Mark Prophet, the founder of the organization that became the CUT, had been involved in one of the factions that splintered from I AM in the 1950s.[16] This was Francis Ekey's Lighthouse of Freedom, which had established formal classes in 1954.[20] In its newsletter, I AM the Lighthouse of Freedom, the group anonymously published messengers allegedly channeled from the Ascended Masters; Prophet was the one responsible for providing these messages.[20] Raised into a working-class Pentecostal family, Prophet was an Army Air Corps veteran from Chippewa Falls, Wisconsin.[20] He alleged that the Ascended Master El Morya had first appeared before him when he was driving spikes on the railway line near Chippewa Falls, asking him to serve their cause.[21] Whitsel described Prophet as one of "the most prominent competing Messengers" from the Ascended Masters amid the vacuum caused by Ballard's death.[21]

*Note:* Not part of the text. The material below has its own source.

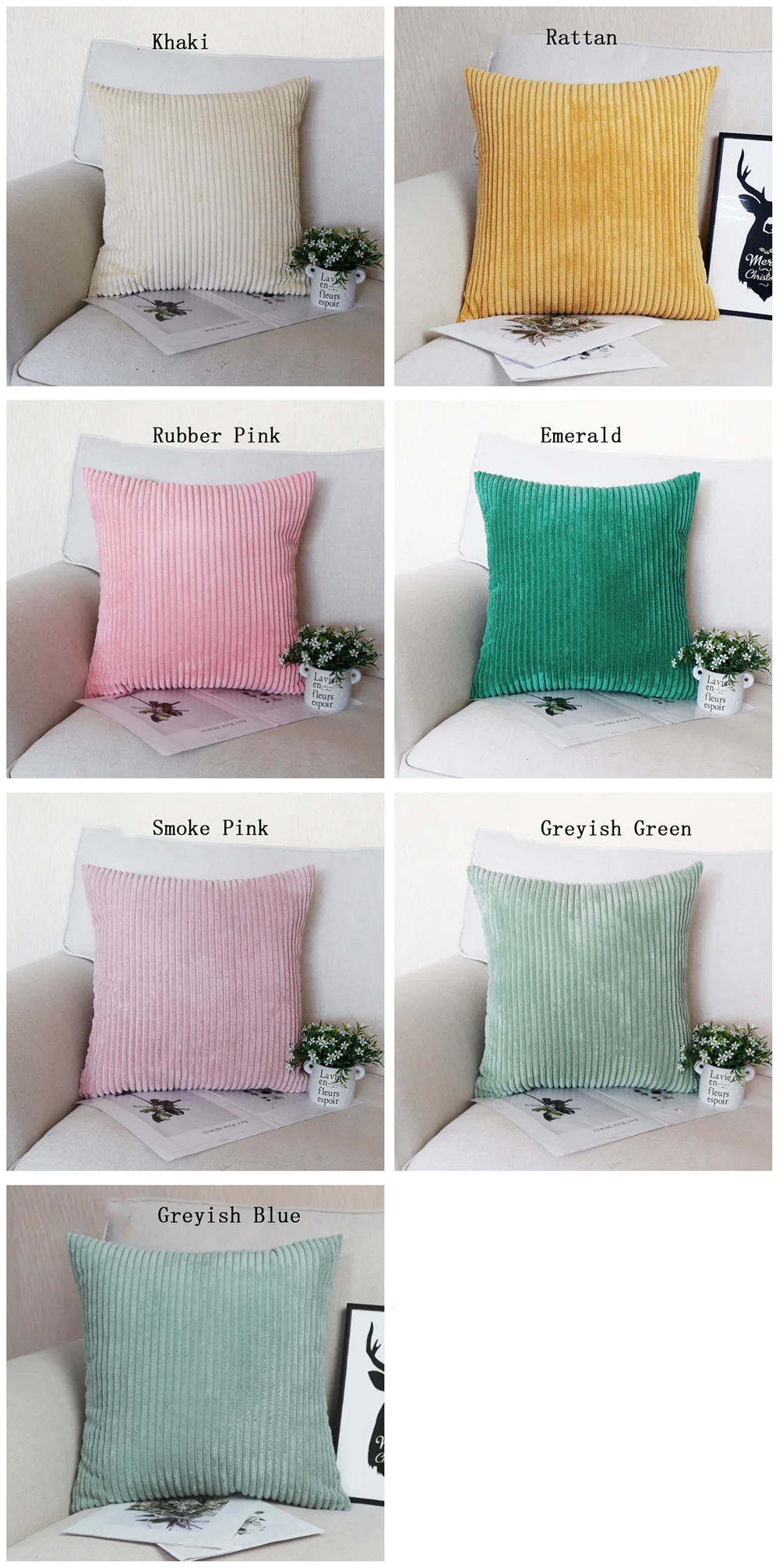 Supersoft Cord-Kissenbezug, einfarbig, gestreift, Dekokissenbezüge, dekorativer Kissenbezug für Sofa, Bett, Wohnzimmer, Dekoration – Detail 12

Mark Prophet claimed he was first contacted by the Ascended Masters at the age of 18. In 1945 he joined the Rosicrucians under Max Heindel, working in a branch in Saint Louis, Missouri. He later affiliated with the Self-Realization Fellowship. In 1952 Prophet founded a group known as the Ashram, sending out periodic letters received from the Ascended Masters, in particular El Morya.[22] In about 1956 Mark Prophet came in contact with The Bridge to Freedom, an offshoot of the I AM Activity led by Geraldine Innocente. Prophet studied with the Bridge until 1958 while also continuing with his own Ashram group. On August 7, 1958, Mark sent the final communication to the members of the Ashram, announcing the establishment of The Summit Lighthouse. The founding meeting of The Summit Lighthouse was held in Philadelphia on August 7, 1958.[23] The headquarters was in Washington, D.C.[24]

In 1961, Mark met Elizabeth Clare Wulf; they married in 1964 and had four children. Wulf, subsequently Elizabeth Clare Prophet, had grown up under influences including New Thought and Christian Science.[25]

In January 1966, the Prophets moved their church to Colorado Springs, Colorado. In 1970, a second major center of the organization was established in Santa Barbara, California. The first session of Ascended Master University – a religious study center for teaching of the ancient wisdom – was held there in July 1970. (Ascended Master University was later renamed Summit University.)[citation needed]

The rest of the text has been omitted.